Exercise prompt:
Exactly the lines below from the line with "Make and Colour" through the line with "Gucci Bamboo Eau" must make up the answer, both ends included and pictures left out.

Data for this exercise:
======
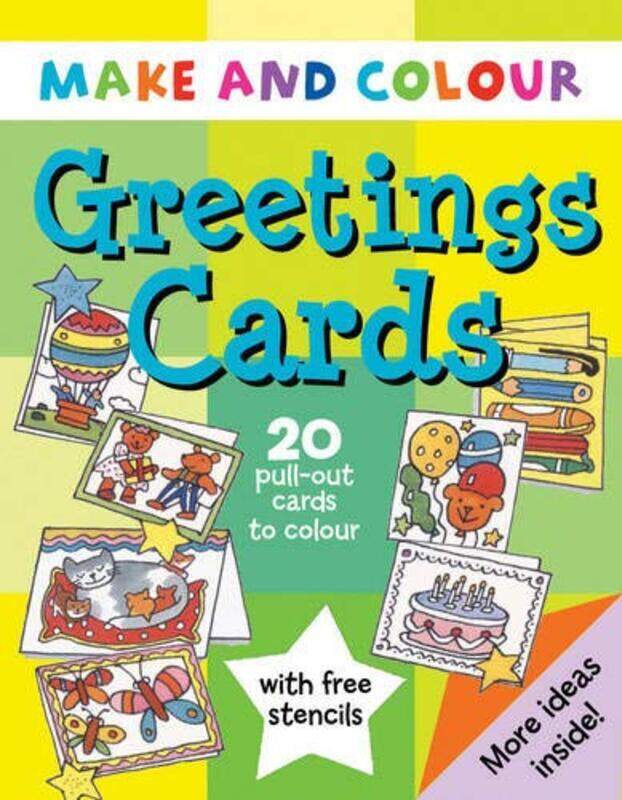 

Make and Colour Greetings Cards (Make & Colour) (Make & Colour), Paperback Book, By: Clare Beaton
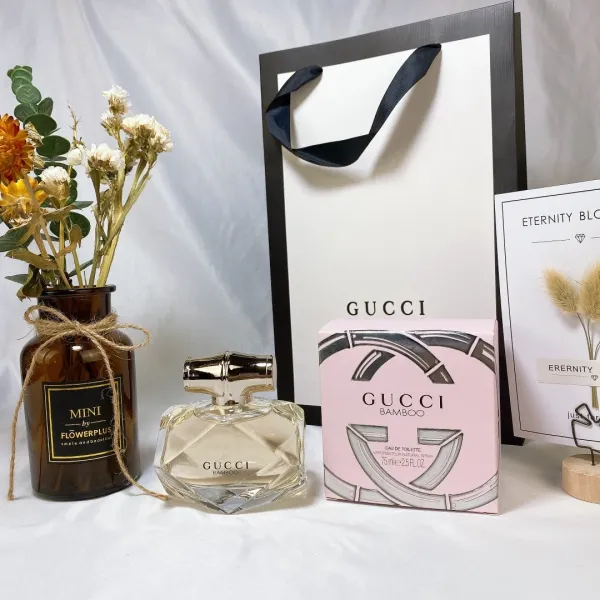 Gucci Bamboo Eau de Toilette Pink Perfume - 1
======
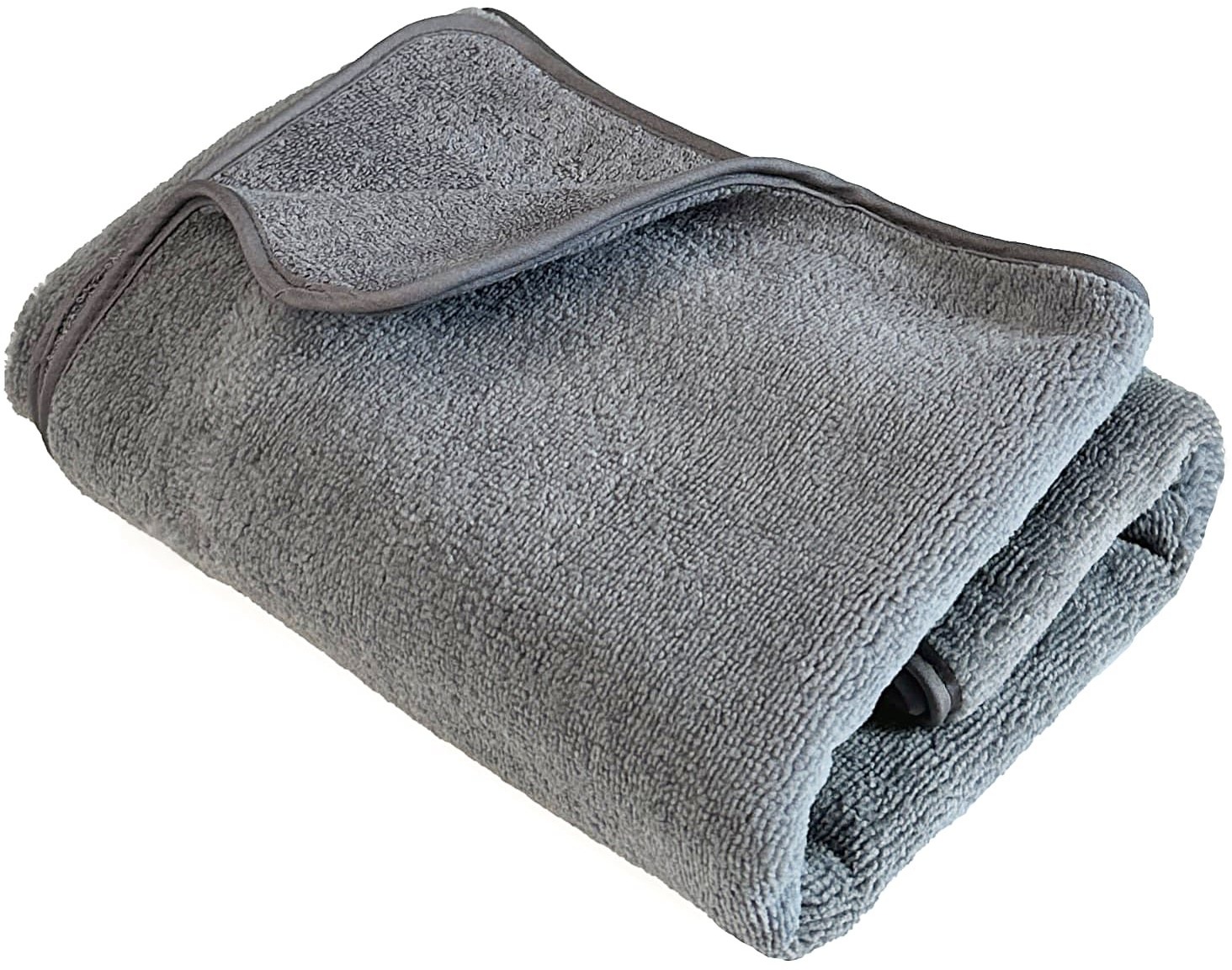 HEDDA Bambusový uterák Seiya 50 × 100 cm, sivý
======
Result of the task:
Make and Colour Greetings Cards (Make & Colour) (Make & Colour), Paperback Book, By: Clare Beaton
 Gucci Bamboo Eau de Toilette Pink Perfume - 1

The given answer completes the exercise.